Encontró un banco vacío y se sentó, deseando que Sofía estuviera con ella. Sara estaba con la niña, que seguramente estaría dormida.
—Echaré de menos a Roberto—Fernanda se acercó a ella y se sentó también en el banco—. Era un viejo mandón, pero adorable a su manera. Sé que Pedro también lo echará mucho de menos.
—Claro, era su abuelo.
—Sí. Comprendo que Pedro y tú hayan fingido ser felices por el bien de Fernanda. Te lo agradezco.
—¿A mí? —Paula la miró perpleja.
—Sí, por llenar de alegría los últimos días de la vida de un enfermo. Sé que le habría disgustado mucho que Pedro se hubiera divorciado cuando él estaba con un pie en la tumba.
—Ah.
Fernanda miraba al jardín, saludando con la mano cuando veía a alguien conocido.
—Siempre me ha encantado este jardín. No pienso cambiar nada cuando... quiero decir... Oh, Dios mío, ¿he metido la pata?
—¿Has hablado de matrimonio con Pedro? —le preguntó Paula, esperando poder ocultar el dolor que ya la invadía. Su corazón seguía latiendo, sus pulmones respirando, pero algo parecía apagarse en su interior.
—Sí —Fernanda la miró compasivamente—. Pensé que lo sabías. Lo siento, no te habría dicho nada de haber sabido que no lo sabías.
—Lo sabía.
Paula se levantó y se marchó de allí. Se negaba a quedarse allí con Fernanda ni un minuto más.
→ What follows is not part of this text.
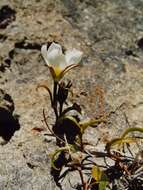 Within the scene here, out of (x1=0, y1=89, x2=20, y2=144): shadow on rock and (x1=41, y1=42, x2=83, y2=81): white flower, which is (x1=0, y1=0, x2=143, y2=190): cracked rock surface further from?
(x1=41, y1=42, x2=83, y2=81): white flower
Pedro llevaba días ignorándola, sin compartir ni su dormitorio ni sus pensamientos con ella. Pero se veía que había encontrado un rato para hablar con Fernanda de matrimonio. ¿Cuándo tenía pensado hablarle del divorcio?
Se abrió camino entre la gente como si todo aquello fuera un sueño. Llegó a la habitación de la niña despidió a Sara dándole las gracias por cuidar de Sofía. Cuando la mujer salió, empezó a guardar las cosas del bebé a toda prisa.
—Se acabó el sueño, bebita. Ya es hora de que nos vayamos, de aquí.